Task directions: From the data below, return only the lines from the one with "1909 1C Indian MS65RD" through the one with "Women's Ski Snowboard", exact and inclusive, with pictures left out.

Provided data:
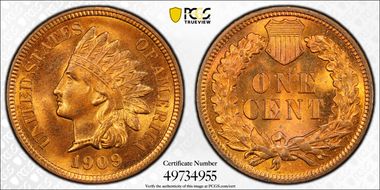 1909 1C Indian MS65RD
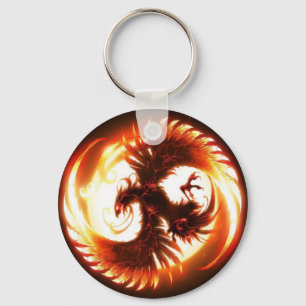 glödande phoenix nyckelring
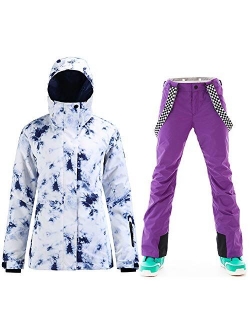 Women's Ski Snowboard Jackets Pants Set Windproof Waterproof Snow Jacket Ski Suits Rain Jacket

* * *

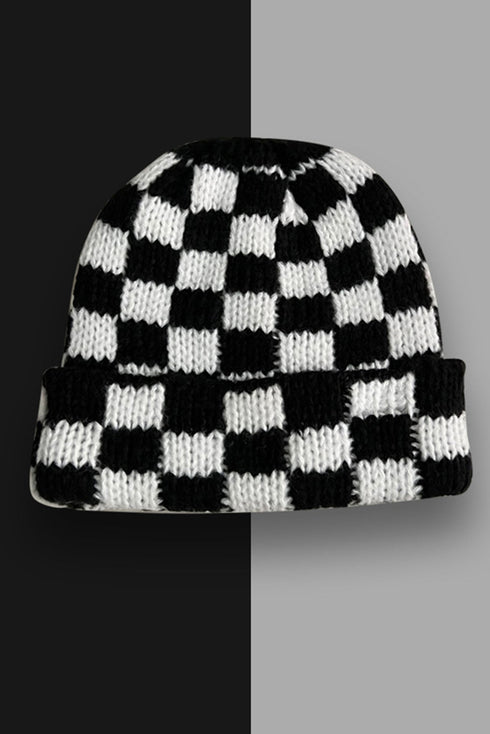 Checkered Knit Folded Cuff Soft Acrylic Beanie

Result of the task:
 1909 1C Indian MS65RD
 glödande phoenix nyckelring
 Women's Ski Snowboard Jackets Pants Set Windproof Waterproof Snow Jacket Ski Suits Rain Jacket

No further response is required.